What's sad is C# never adopted an equivalent to Java's final or JavaScript's const keyword. It would make clear that I'm not going to be reassigning these "variables" after initializing them. This would make it easier for the compiler to optimize these variables away or even do magic behind the scenes to parallelize the operation.

Now, let's put the previous snippet in the context of a class:

public class DataAdapter
{
    private readonly IDataRepository repository;
    private readonly IDataMapper mapper;

    public DataAdapter(IDataRepository repository, IDataMapper mapper)
    {
        this.repository = repository;
        this.mapper = mapper;
    }

    public IEnumerable<ViewModel> GetModels(int id)
    {
        var data = repository.GetData(id);
        var activeData = data.Where(d => d.IsActive);
        var models = activeData.Select(d => mapper.GetViewModel(d));
        return models.ToList();
    }
}

The placement of IDataRepository and IDataMapper as backing fields is due to their relationship to the lifetime of the DataAdapter instance. You can reuse the same repository or mapper regardless of which id you pass in. It doesn't make sense to force users of your library to pass these into GetModels. However, the value of data, activeData and models are tied directly to the lifetime of id, so it makes sense for these to only live within the method.

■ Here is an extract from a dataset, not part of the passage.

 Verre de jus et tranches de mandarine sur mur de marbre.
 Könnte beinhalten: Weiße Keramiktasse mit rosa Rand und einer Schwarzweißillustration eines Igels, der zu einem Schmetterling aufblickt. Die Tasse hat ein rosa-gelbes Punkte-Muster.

You might think it is strange that I pass DataRepository and DataMapper into the constructor. This is pretty common with dependency injection. This avoids having to new up these classes in the constructor or later, where both might have a long list of dependencies of their own (e.g., an Entity Framework context, a connection string, other mappers, etc.).

A quick sign of someone who doesn't understand OOP or classes is the mismanagement of variable lifetimes. I have run across plenty of code that would reinitialize mapper for each call to GetMethod or try to stick one or more of the intermediate results as backing fields. Yuck! I make sure to mark my backing fields as readonly just to emphasize these are one-time initialized and not really state.

Lifetime comparison:
models < data < id < adapter <= repository == mapper

This pattern is so common, especially with DI, that at one time C# 6.0 was to introduce primary constructors. This feature was ultimately dropped, but something even better might reemerge in a few years. Other languages, like Scala and TypeScript are already supporting this concept.

What happened to design patterns?

I vaguely remember early on in my career using a lot more design patterns in my day-to-day programming. Earlier last year, I ran into a situation where working directly with data coming from my backend was leading to a lot of if/else nonsense. I thought, "How great would it be if I could just spin up an implementation and let it do the right thing polymorphically?"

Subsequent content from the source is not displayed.